She should get it back to him

Her boyfriend? No, mind your business.

Sounds like she was playing with him by asking if he wanted it back then not giving it. But it is her ring to with what she wants with. Mad over the ring? No. Mad that she played a mean game? Maybe or just sum it up as black of character on the ex girlfriend ( now sister in law?)

That’s crappy of her.

No be gave it to her su k it man

If he gave it to her that long ago and didn’t worry about it until she brought it up I would say let it go he will make herself look like an idiot making a big deal over something that he spent money on all right years ago to me it’s just petty

:frowning::grinning_face_with_smiling_eyes::joy::neutral_face::weary:messy relationships
Why don’t you stop sleeping with your relatives relatives, so bloody awfully messy … #embarrassedforyouall #ewwwww

Whatever… it wasn’t money wasted it meant something at the time and was a gift for her. He should have considered it gone when he gave it to her. Dont overthink this and make it something. It was never extra money to you anyway.
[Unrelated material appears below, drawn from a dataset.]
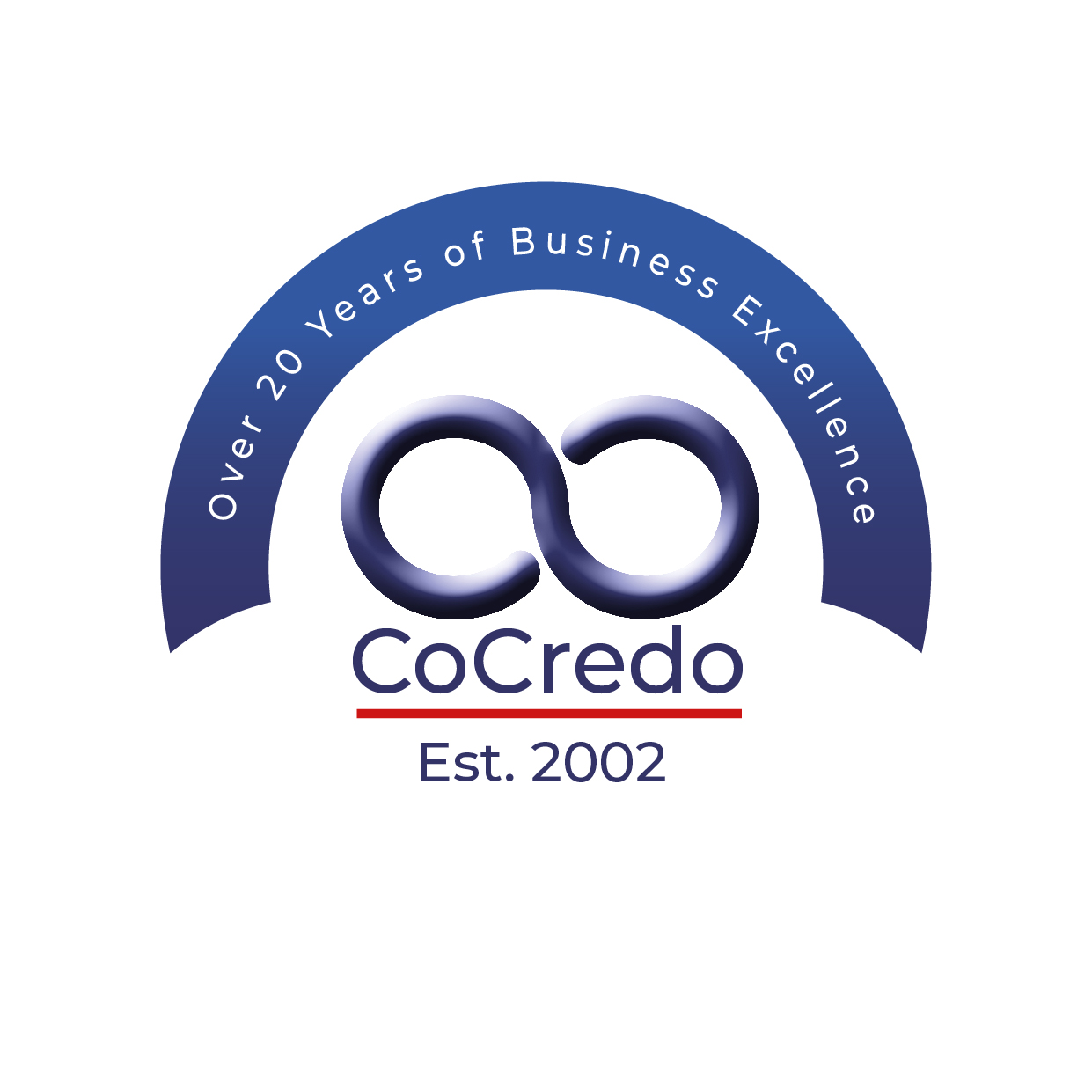 Logo of CoCredo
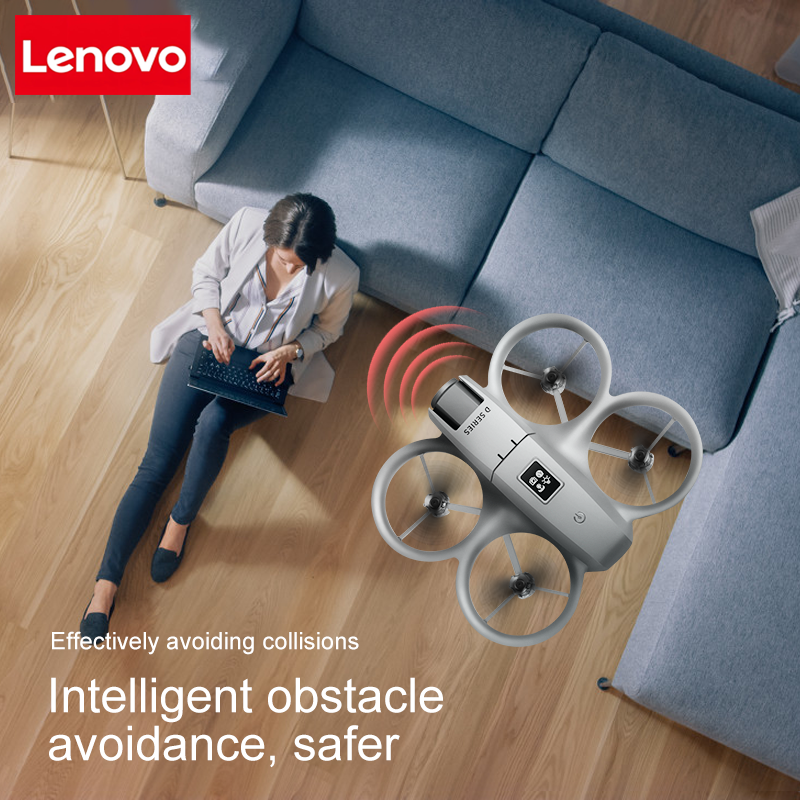 Lenovo D16 GPS Drone 8K Aerial - Drone Gps Mount 评论和价格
Not really that confusing guys. The dude bought a ring for his girlfriend. They broke up. He gave the ring to his sister in law. She offered it back to him. Instead she gave it to her sister. He’s mad about it.

OP, maybe he’s mad because he had plans for the money he was gonna get for selling it? He has every right to feel however he wants but he should just shrug it off. He did gift it to her so she is allowed to do whatever with it.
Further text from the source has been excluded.